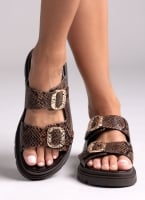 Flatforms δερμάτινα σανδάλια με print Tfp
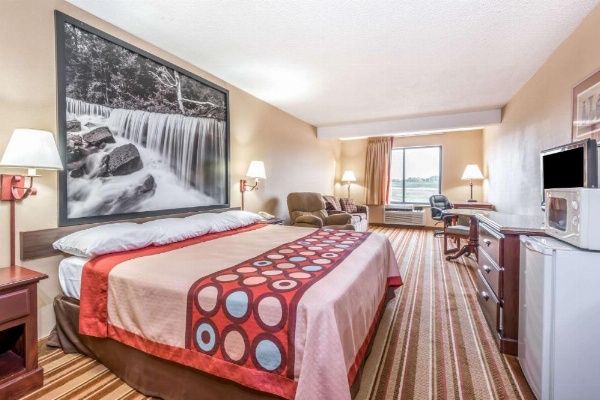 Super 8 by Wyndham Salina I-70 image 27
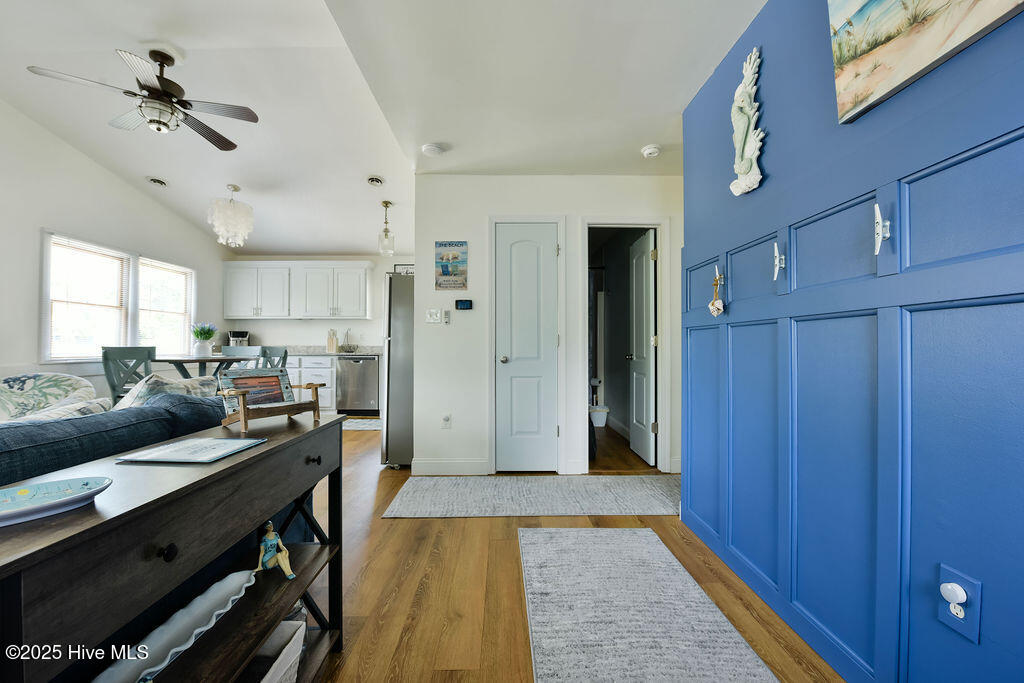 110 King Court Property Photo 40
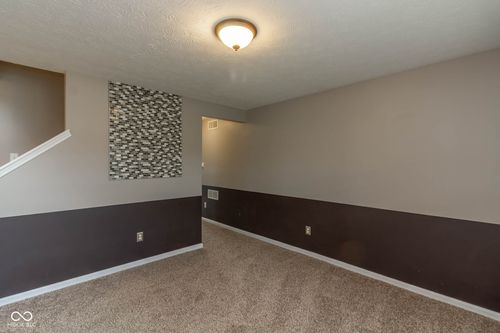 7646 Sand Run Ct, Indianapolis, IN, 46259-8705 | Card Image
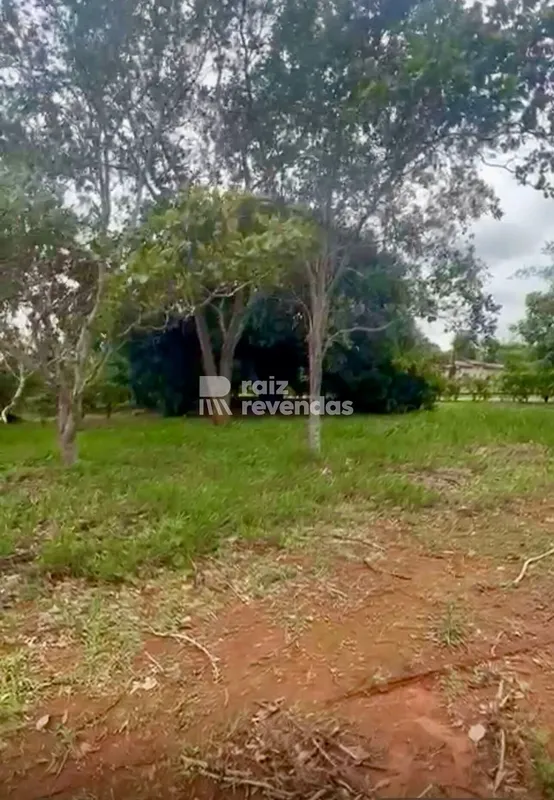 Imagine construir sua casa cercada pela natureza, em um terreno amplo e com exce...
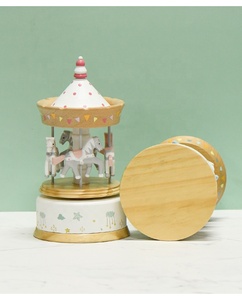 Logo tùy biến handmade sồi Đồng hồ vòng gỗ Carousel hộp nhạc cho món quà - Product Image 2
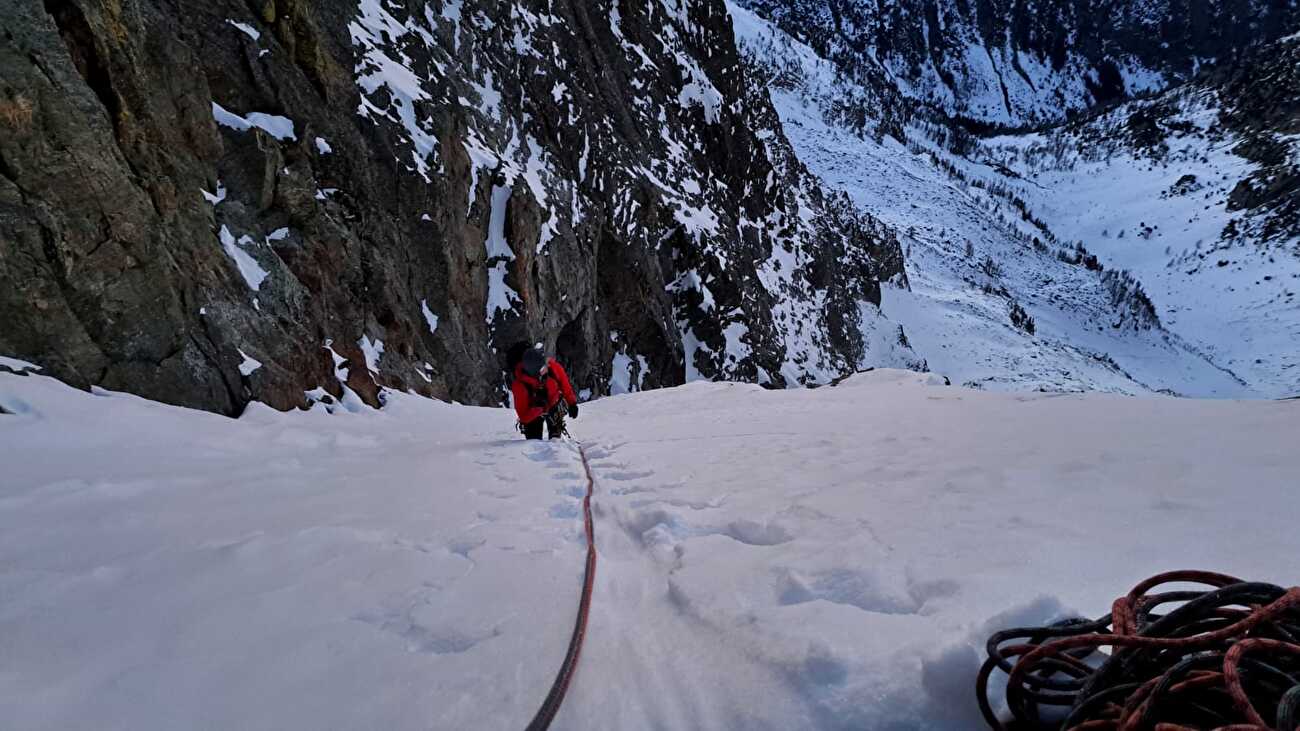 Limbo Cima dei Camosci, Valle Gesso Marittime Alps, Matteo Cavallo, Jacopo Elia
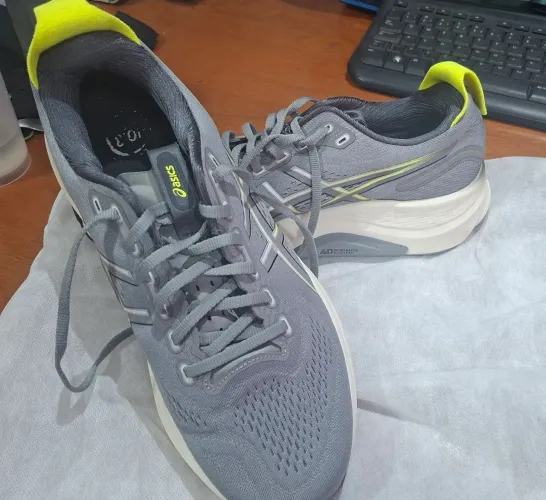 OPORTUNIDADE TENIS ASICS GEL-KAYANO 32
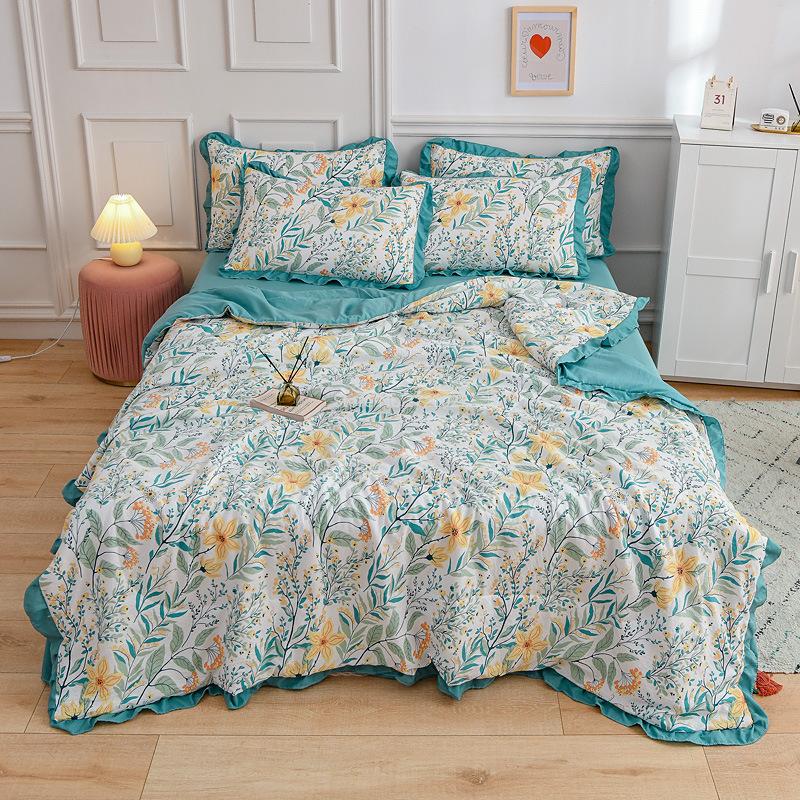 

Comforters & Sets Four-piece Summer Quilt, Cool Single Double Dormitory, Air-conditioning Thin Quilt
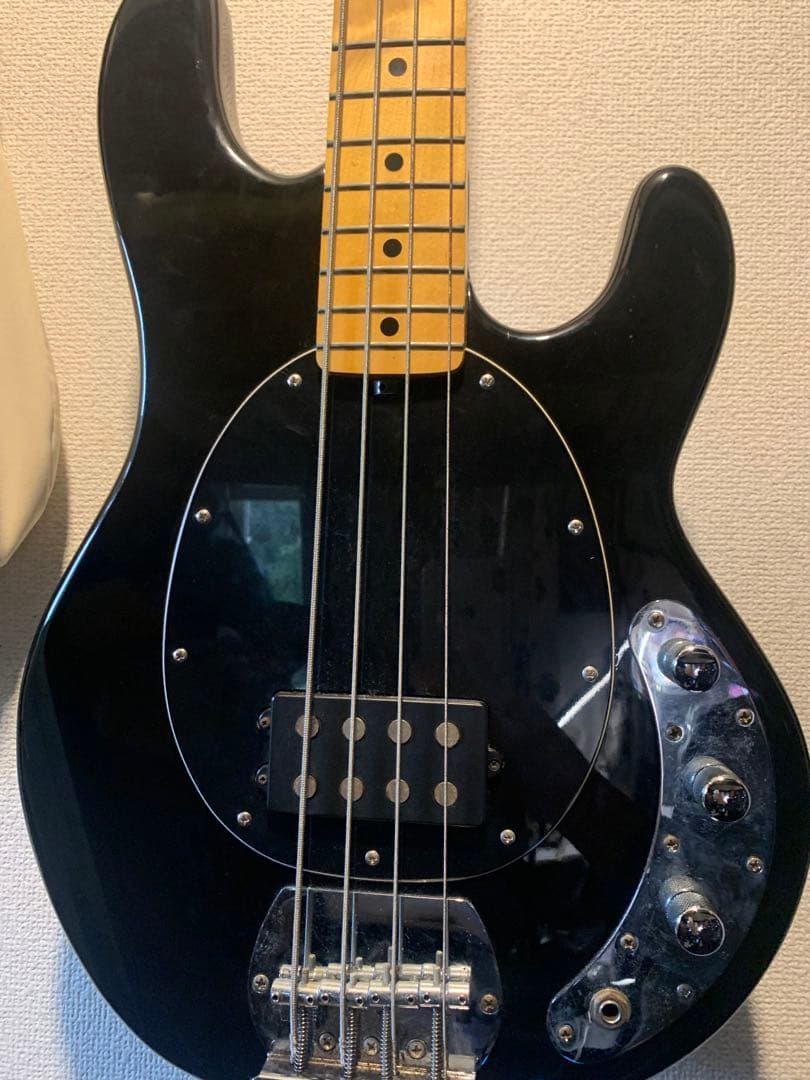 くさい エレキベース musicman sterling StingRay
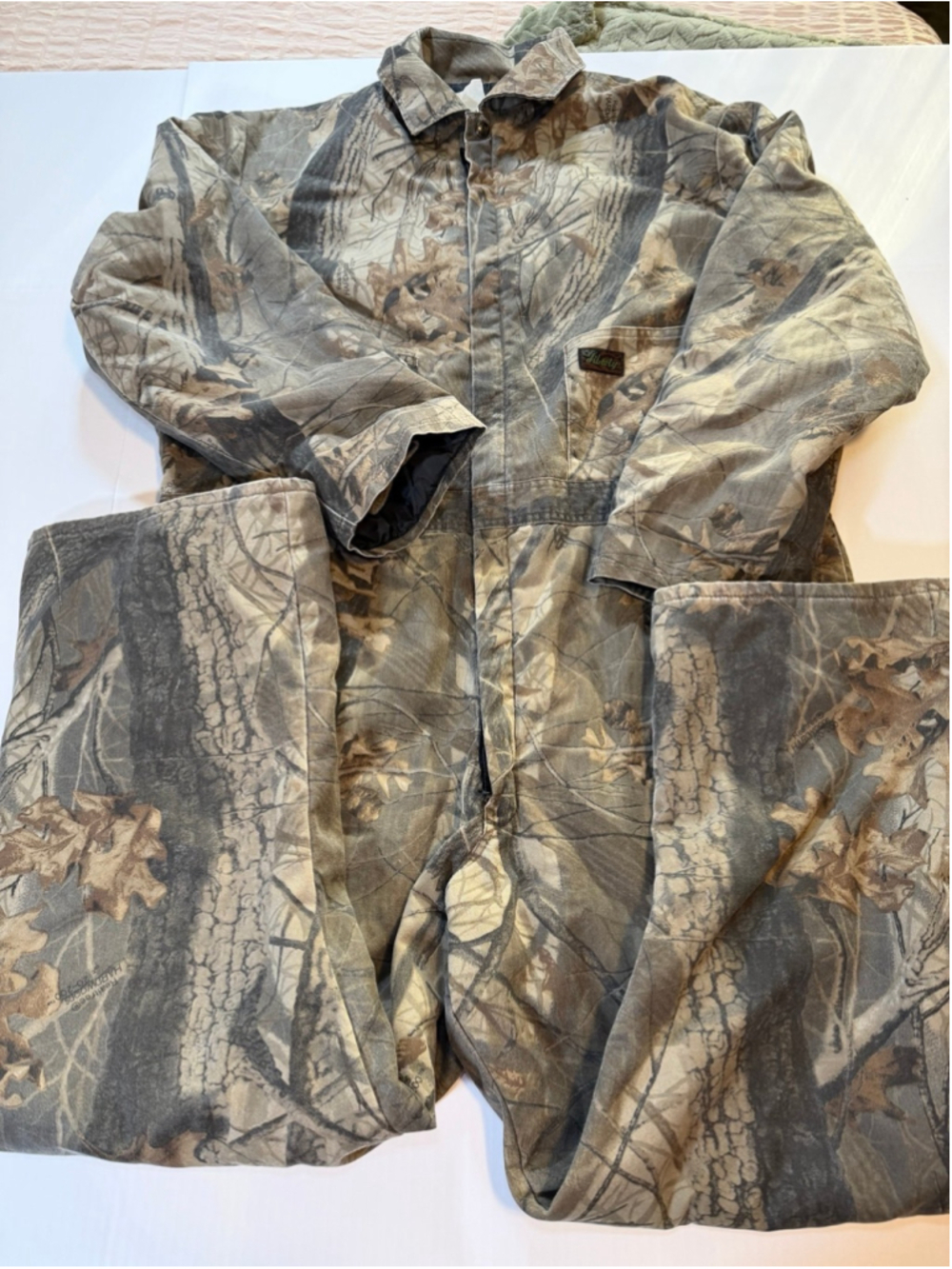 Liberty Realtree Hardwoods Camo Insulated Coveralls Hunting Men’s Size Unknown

EXERCISE AIM
Please write out all of the data verbatim, with no pictures in the copy.

REPLY TO THE EXERCISE
 Flatforms δερμάτινα σανδάλια με print Tfp
 Super 8 by Wyndham Salina I-70 image 27
 110 King Court Property Photo 40
 7646 Sand Run Ct, Indianapolis, IN, 46259-8705 | Card Image
 Imagine construir sua casa cercada pela natureza, em um terreno amplo e com exce...
 Logo tùy biến handmade sồi Đồng hồ vòng gỗ Carousel hộp nhạc cho món quà - Product Image 2
 Limbo Cima dei Camosci, Valle Gesso Marittime Alps, Matteo Cavallo, Jacopo Elia
 OPORTUNIDADE TENIS ASICS GEL-KAYANO 32

Comforters & Sets Four-piece Summer Quilt, Cool Single Double Dormitory, Air-conditioning Thin Quilt
 くさい エレキベース musicman sterling StingRay
 Liberty Realtree Hardwoods Camo Insulated Coveralls Hunting Men’s Size Unknown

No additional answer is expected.